According to the Rayleigh criterion, diffraction effects limit optical-lithography feature sizes to half the wavelength (λ/2) of the light used (semiconductor chipmakers who use optical lithography to create chip features smaller than λ/2 rely on multiple exposures and other specialized techniques). However, researchers continue to find ways to perform subwavelength lithography (without resorting to chipmakers’ tricks) to obtain even smaller feature sizes using unconventional nanolithography and immersion lithography techniques.
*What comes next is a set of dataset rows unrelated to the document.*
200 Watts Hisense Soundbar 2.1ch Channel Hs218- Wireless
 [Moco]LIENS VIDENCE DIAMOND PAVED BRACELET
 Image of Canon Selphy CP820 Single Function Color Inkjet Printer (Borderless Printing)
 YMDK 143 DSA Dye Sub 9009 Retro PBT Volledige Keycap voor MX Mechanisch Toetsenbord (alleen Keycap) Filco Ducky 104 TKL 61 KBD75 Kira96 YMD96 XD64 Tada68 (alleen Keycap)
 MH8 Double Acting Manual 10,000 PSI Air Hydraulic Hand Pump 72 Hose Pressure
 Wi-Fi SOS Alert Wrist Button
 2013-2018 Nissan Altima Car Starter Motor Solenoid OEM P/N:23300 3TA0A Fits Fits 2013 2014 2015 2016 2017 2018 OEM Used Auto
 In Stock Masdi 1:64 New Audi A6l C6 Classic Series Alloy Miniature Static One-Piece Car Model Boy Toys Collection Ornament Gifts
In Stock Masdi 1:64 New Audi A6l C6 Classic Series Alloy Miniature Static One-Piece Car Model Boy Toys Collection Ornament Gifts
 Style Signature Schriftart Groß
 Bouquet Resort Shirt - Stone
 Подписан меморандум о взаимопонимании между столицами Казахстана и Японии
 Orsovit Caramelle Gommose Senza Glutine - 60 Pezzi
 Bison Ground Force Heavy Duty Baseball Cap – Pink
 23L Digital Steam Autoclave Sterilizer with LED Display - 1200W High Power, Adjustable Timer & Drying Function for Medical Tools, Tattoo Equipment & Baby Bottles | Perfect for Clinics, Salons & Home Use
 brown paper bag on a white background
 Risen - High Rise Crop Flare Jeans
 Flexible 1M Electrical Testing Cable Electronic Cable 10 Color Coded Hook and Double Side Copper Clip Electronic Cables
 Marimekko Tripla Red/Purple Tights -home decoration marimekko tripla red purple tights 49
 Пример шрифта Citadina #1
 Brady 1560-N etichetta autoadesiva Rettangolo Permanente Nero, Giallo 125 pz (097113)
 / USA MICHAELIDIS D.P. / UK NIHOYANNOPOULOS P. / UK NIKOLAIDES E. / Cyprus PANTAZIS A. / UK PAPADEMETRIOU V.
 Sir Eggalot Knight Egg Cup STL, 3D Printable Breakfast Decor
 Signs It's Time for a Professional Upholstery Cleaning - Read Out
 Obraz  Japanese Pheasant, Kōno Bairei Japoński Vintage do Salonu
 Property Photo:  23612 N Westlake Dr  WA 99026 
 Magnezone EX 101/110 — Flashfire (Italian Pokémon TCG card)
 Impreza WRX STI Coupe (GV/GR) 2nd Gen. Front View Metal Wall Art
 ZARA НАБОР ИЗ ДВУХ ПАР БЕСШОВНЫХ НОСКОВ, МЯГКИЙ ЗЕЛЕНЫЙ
Many attempts have been made to advance this field beyond the current limit set by the wavelength of the laser used. These methods are usually based on multiphoton processes, multiple beams, and/or quantum entanglement, making the implementation of these schemes extremely difficult. But a new technique from Texas A&M University (TAMU; College Station, TX) and The National Center of Mathematics & Physics (KACST; Riyadh, Saudi Arabia) that uses two lasers and exploits molecular oscillations in the lithographic photoresist material is simple to implement and achieves arbitrarily small feature sizes.1
When light is incident on an atom or molecule, the electrons within undergo oscillations between the ground state and an excited state. These oscillations are called Rabi oscillations, and their frequency is directly proportional to the intensity of the incident light. In the method proposed by the TAMU-KACST team, a laser at one frequency that is resonant with the energy difference between the ground and an excited state of the atoms within the photoresist material is launched into the photoresist to induce Rabi oscillations. Next, a second laser with a different frequency dissociates the molecules in the excited state, but does not affect those in the ground state. The effect on the dissociated molecules is a change in their chemical properties, especially their solubility. The resulting photoresist patterns are then dependent on the spatial distribution of the excited state induced by the first laser pulse.
The Rabi oscillations induced in the photoresist (by a standing wave created by a laser beam) modulate the number of atoms in the excited state, resulting in a subwavelength spatial pattern in the photoresist with a resolution on the order of the wavelength divided by the number of Rabi cycles. By increasing the intensity of the incident field, the number of Rabi oscillations can be increased, thereby increasing the resolution of the lithographic pattern.
|FIGURE. A two-dimensional photoresist pattern spells out the words TAMU KACST using the Rabi oscillation-based lithography method. (Courtesy of Texas A&M University and KACST)|
To use the Rabi oscillation model in an actual physical lithography setup, the researchers have explored some possible photoresist materials and laser parameters (see figure). For 1-bromonaphthalene, for example, with a 5 ps decoherence time and laser peak power values of 2.17 GW/cm2 for the beam responsible for Rabi oscillations and 0.13 MW/cm2 for the dissociation laser, feature sizes on the order of λ/10 are possible for a region with dimensions around 10λ. Creating larger patterns in, say, a 1000λ-sized region is possible at those same laser powers using a phase mask and a mask containing 10λ holes.
“Our method for sub-wavelength lithography is only a single preparation step away from the currently implemented lithographic process,” says M. Suhail Zubairy, professor of physics at Texas A&M University. “The beauty of this method is that it is possible to generate nanoscale patterns, and at present efforts are underway at TAMU to implement this scheme in NV [nitrogen vacancy] diamond structures.”
1. M. Suhail Zubairy, FiO 2011, paper FTuM1 (October 2011).